● DATA:
╭──

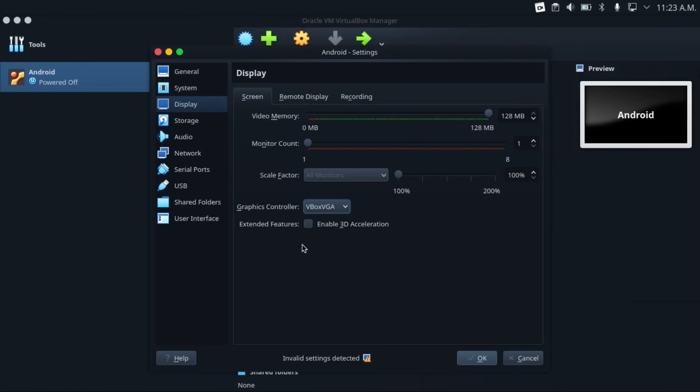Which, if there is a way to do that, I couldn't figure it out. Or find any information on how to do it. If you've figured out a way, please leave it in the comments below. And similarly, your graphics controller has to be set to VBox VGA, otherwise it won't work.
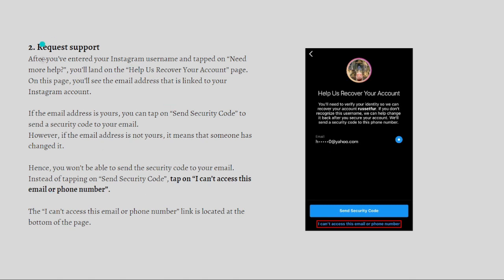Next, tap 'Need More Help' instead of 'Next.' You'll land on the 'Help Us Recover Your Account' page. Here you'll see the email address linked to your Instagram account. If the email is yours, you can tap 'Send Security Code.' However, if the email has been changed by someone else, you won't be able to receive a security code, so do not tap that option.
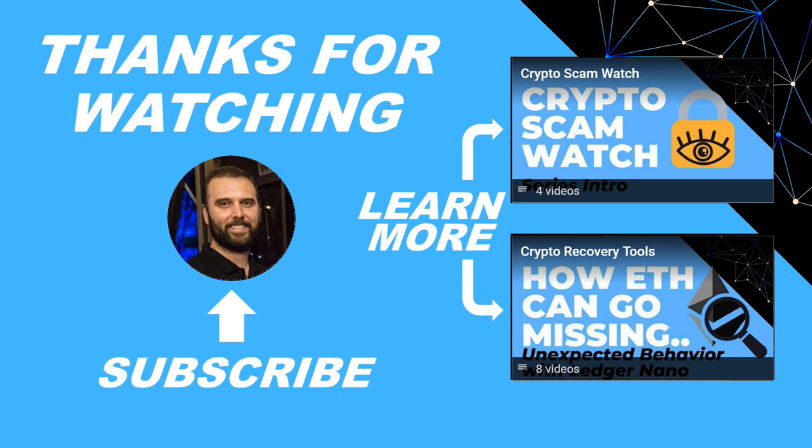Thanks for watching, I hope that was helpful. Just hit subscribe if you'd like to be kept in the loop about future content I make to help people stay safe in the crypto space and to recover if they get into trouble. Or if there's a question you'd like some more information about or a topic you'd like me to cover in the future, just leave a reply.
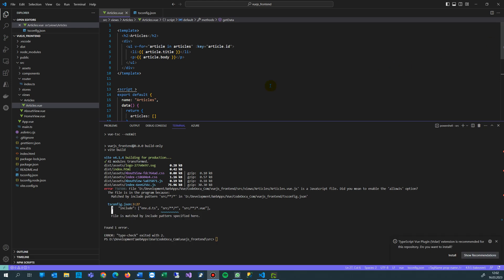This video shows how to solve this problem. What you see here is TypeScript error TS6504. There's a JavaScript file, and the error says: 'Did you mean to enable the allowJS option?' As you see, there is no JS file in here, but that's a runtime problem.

╰──

● EXERCISE PROMPT: Every line above goes into your copy exactly; no images go in.

● EXERCISE RESPONSE:
Which, if there is a way to do that, I couldn't figure it out. Or find any information on how to do it. If you've figured out a way, please leave it in the comments below. And similarly, your graphics controller has to be set to VBox VGA, otherwise it won't work.
Next, tap 'Need More Help' instead of 'Next.' You'll land on the 'Help Us Recover Your Account' page. Here you'll see the email address linked to your Instagram account. If the email is yours, you can tap 'Send Security Code.' However, if the email has been changed by someone else, you won't be able to receive a security code, so do not tap that option.
Thanks for watching, I hope that was helpful. Just hit subscribe if you'd like to be kept in the loop about future content I make to help people stay safe in the crypto space and to recover if they get into trouble. Or if there's a question you'd like some more information about or a topic you'd like me to cover in the future, just leave a reply.
This video shows how to solve this problem. What you see here is TypeScript error TS6504. There's a JavaScript file, and the error says: 'Did you mean to enable the allowJS option?' As you see, there is no JS file in here, but that's a runtime problem.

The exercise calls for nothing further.